Apps, applications and system environments which are involved in controlling the asset-related industrial process may be easily added, updated and replaced by updating the chaincode executed by the hyperledger platform 2.

The asset attribute values histories acquired and recorded in corresponding ALPs 8 are made available in the ledger of the distributed database 2 and may be used for further analysis using Artificial Intelligence and Data Analytics. For example, pattern recognition may be used to increase asset utilization, optimize transport routes and/or gain information about an asset during its lifecycle.

Operators 121-125 located in the respective realms 503, 504 may be granted the possibility to develop new asset classes and to record them in the repository means 404 of the asset lifetime handler device 4 and to thereby perform upgrades on the asset-based industrial process independently of each other.

The asset lifetime handler device may provide for a layer of abstraction interposed between the blockchain-based distributed database system 2 and the various realms 501-504 and may therefore facilitate the integration of legacy systems.

The data made available in the ALPs 8 may be used to perform accurate billing, reducing loss, and/or securing smooth operation of the industrial process through timely provisioning of any required asset 9. Thereby, a utilization degree of the systems involved in the industrial process may be increased. Further, an availability of assets, such as working instruments and the like, may be optimized.
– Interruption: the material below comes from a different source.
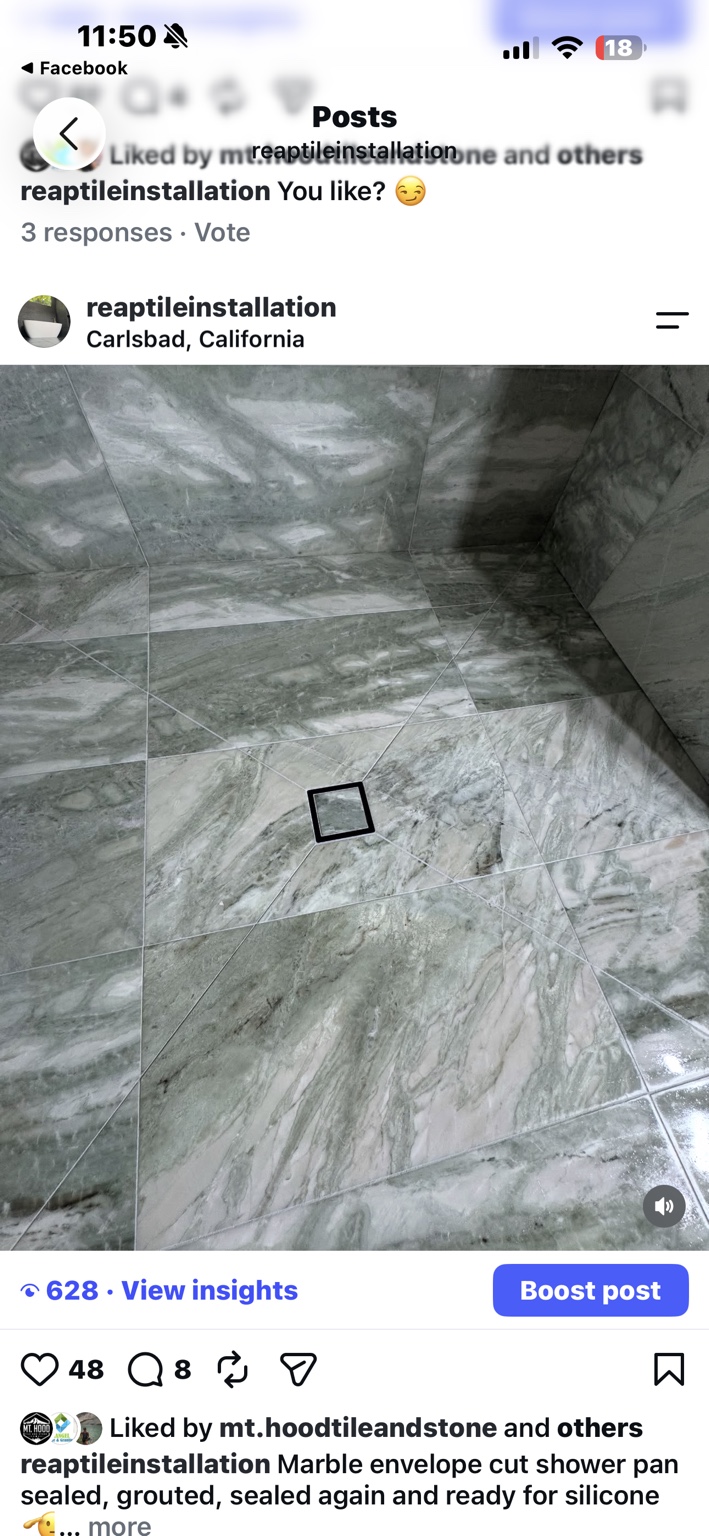 Marble tile shower floor with envelope cuts around a square drain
Yet further, an asset 9 may be a Smart Machine which may be triggered to perform certain actions based on notifications transmitted by smart contracts of the chaincode implemented on the hyperledger platform 2 as part of the various ALPs 8. For example, if one of the asset tracking devices 301-309 reports an asset 9 as being out of order, a smart contract implemented in the corresponding ALP 8 may trigger ordering of a replacement asset and/or ordering of repair services for the asset 9. Yet further, a smart contract implemented in the ALP 8 may deploy Predictive Analytics to trigger maintenance works to be performed on the asset 9 before the corresponding asset 9 goes out of order. Thereby, advantageously, outage times of the asset 9 may be minimized.

In addition, the present solution may be used to make historical data of an asset available across an entire SCM asset tracking value chain that involves a plurality of realms operated by different stakeholders, thereby enabling a combination of data analytics and predictions to adapt the industrial process to specific constraints and stakeholders in a flexible way.
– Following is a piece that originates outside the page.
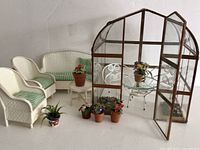 Photo showing two white wicker armchairs with green striped cushions, loveseat, small round side table with potted flowers, six potted miniature plants, and a greenhouse with glass door open.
Examples may include: A likelihood of a hazardous weather condition could result in an intermediate change of the logistic provider and or delivery routes in advance, wherein additional cost incurred may be transparently documented in the ALP.

A likelihood of a service team being on strike (harbor, airports, customs, logistic provider and the like) could result in a change of routes, transportation vehicles, nearly in real-time with according adjustments of a smart contract of the ALP.

Claims

1. An asset tracking system for tracking an asset in an asset-based industrial process involving the asset passing between a plurality of realms, the asset tracking system comprising:

a distributed database system configured to host a consensus-based ledger of transactional records;

a plurality of asset tracking devices each configured to acquire one or more asset attribute values of the asset, wherein each of the realms includes at least one of the plurality of asset tracking devices; and

an asset lifetime handler device configured to maintain, in the ledger of the distributed database system, based on the asset attribute values respectively acquired over time by a respective one of the plurality of asset tracking devices, an asset lifetime passport (ALP) comprising a digital representation of a history of the acquired asset attribute values of the asset.
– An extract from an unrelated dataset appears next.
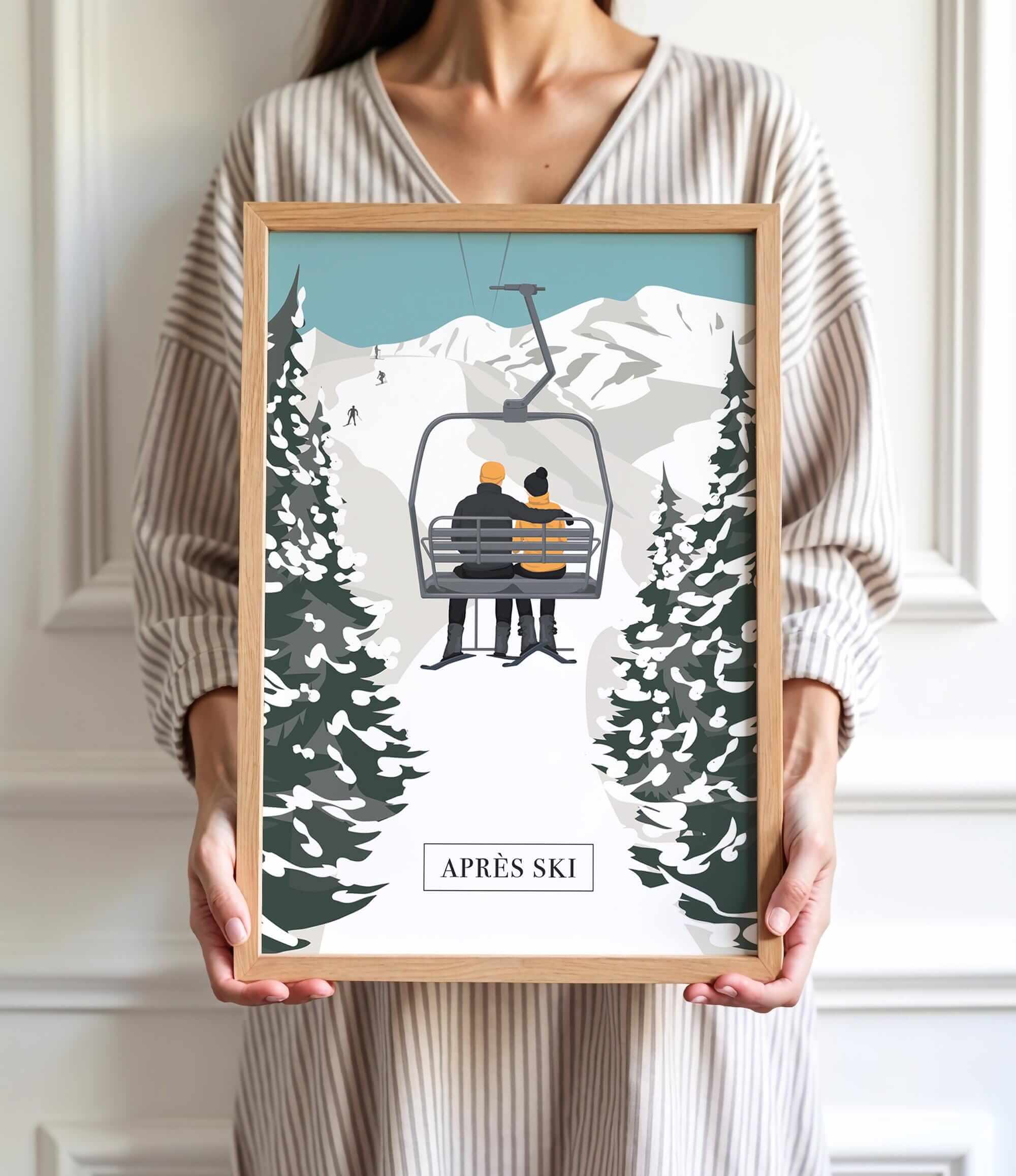 A person is holding a framed picture of a couple on a ski lift, surrounded by snow-covered trees, with the word "APRÈS" visible.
2. The asset tracking system of claim 1, wherein the asset attribute values included in the ALP include at least a mandatory set of generalized core asset attribute values, the mandatory set of generalized core asset attribute values indicating at least a condition, a location, and an ownership of the asset.

3. The asset tracking system of claim 1, wherein the ALP is maintained in the ledger of the distributed database system as a number of transactional records each associated with a unique identifier of the asset.

4. The asset tracking system of claim 3, wherein at least one of the transactional records of the ALP comprises a smart contract transaction.

5. The asset tracking system of claim 1, wherein the distributed database system includes a plurality of node devices, and more than one of the realms each include at least one of the plurality of node devices.

6. The asset tracking system of claim 1, wherein the asset lifetime handler device includes:

a programming interface means configured to receive instruction data and to respond to the received instruction data by performing at least one of: creating, editing, and/or invalidating the ALP of the asset; registering a subscription for push notifications about a change of the ALP; transmitting, as response data, a copy of the ALP and/or a portion thereof; storing a file included in the instruction data, the file being related to the asset; and/or retrieving and transmitting, as response data, the file related to the asset.

7. The asset tracking system of claim 1, wherein the asset lifetime handler device includes:

a repository means configured to store a number of asset class descriptors, each asset class descriptor including a number of asset attribute descriptors; and

a template feeder means configured to, when responding to receiving instruction data specifying one of the number of asset class descriptors, create the ALP for the asset in the ledger of the distributed database system based on the specified asset class descriptor.

8. The asset tracking system of claim 1, wherein the asset lifetime handler device includes an asset transaction layer (ATL) configured to update the ALP maintained in the ledger of the distributed database system when a change is detected in any of the one or more acquired asset attribute values.

9. The asset tracking system according to claim 8, wherein the ATL is further configured to generate a push notification when an asset-based event is observed in the ALP maintained in the ledger of the distributed database system.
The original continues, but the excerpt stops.